[Image-caption web data]
=== Begin Enclosure ===
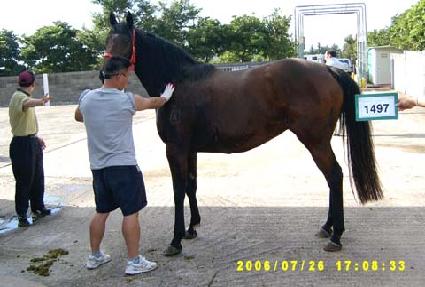 ���ٳ� ����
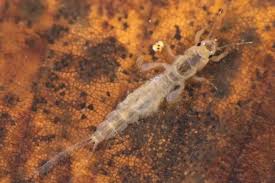 Attēlu rezultāti vaicājumam “Ephemera sp.”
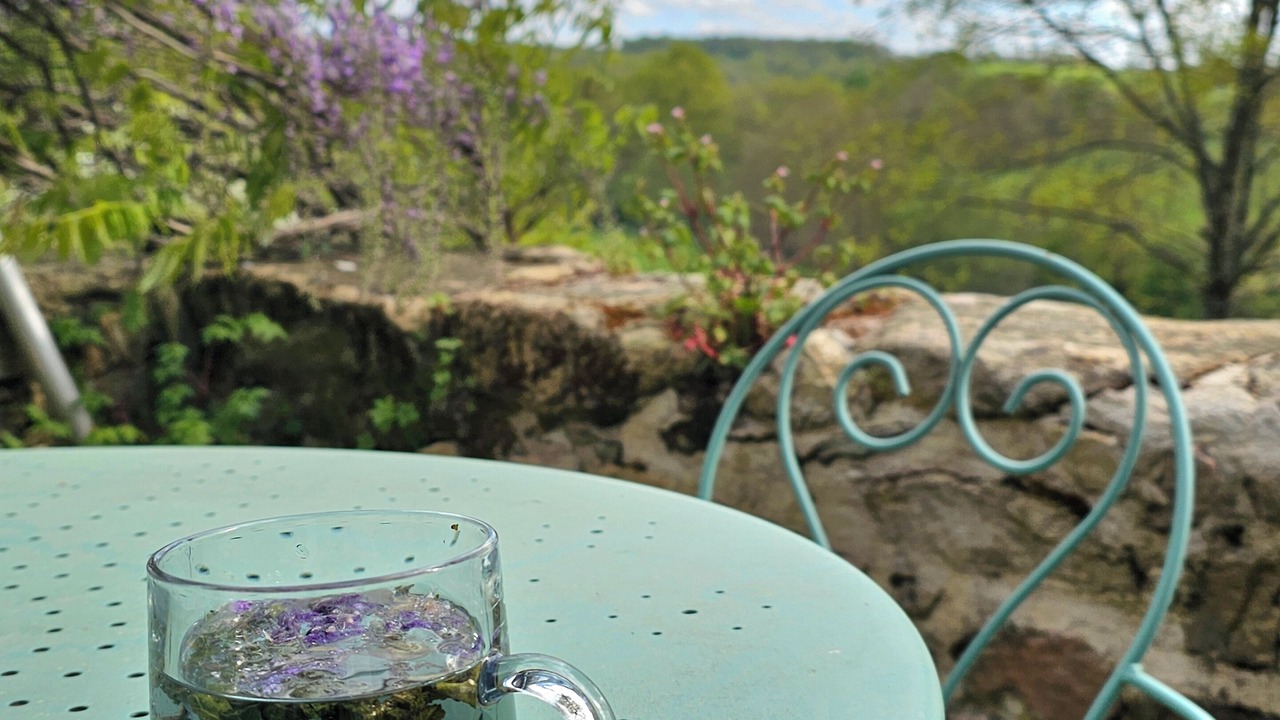 Photo of Outdoor in Saint-Jean-Ligoure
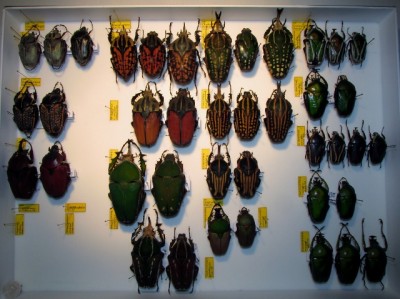 tribus_Goliathini_1a (640x479).jpg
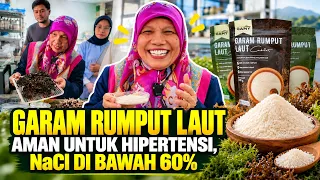 SUKA ASIN TAPI TAKUT DARAH TINGGI? GURU BESAR IPB BUAT GARAM DARI RUMPUT LAUT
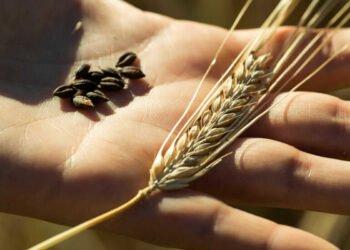 Is Barley Still the Gold Standard for Distillers?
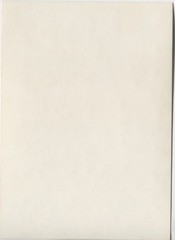 Z5342 Photo 1970s Artistic Nude Pretty Women Woman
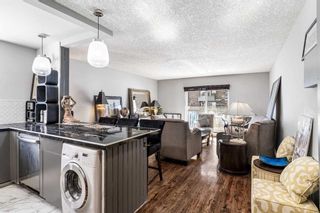 Photo 7: 202 912 19 Avenue SW in Calgary: Lower Mount Royal Apartment for sale : MLS®# A2113538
=== End Enclosure ===
Task requirements:
Above are the records; return them exactly, minus the pictures.

Answer space:
 ���ٳ� ����
 Attēlu rezultāti vaicājumam “Ephemera sp.”
 Photo of Outdoor in Saint-Jean-Ligoure
 tribus_Goliathini_1a (640x479).jpg
 SUKA ASIN TAPI TAKUT DARAH TINGGI? GURU BESAR IPB BUAT GARAM DARI RUMPUT LAUT
 Is Barley Still the Gold Standard for Distillers?
 Z5342 Photo 1970s Artistic Nude Pretty Women Woman
 Photo 7: 202 912 19 Avenue SW in Calgary: Lower Mount Royal Apartment for sale : MLS®# A2113538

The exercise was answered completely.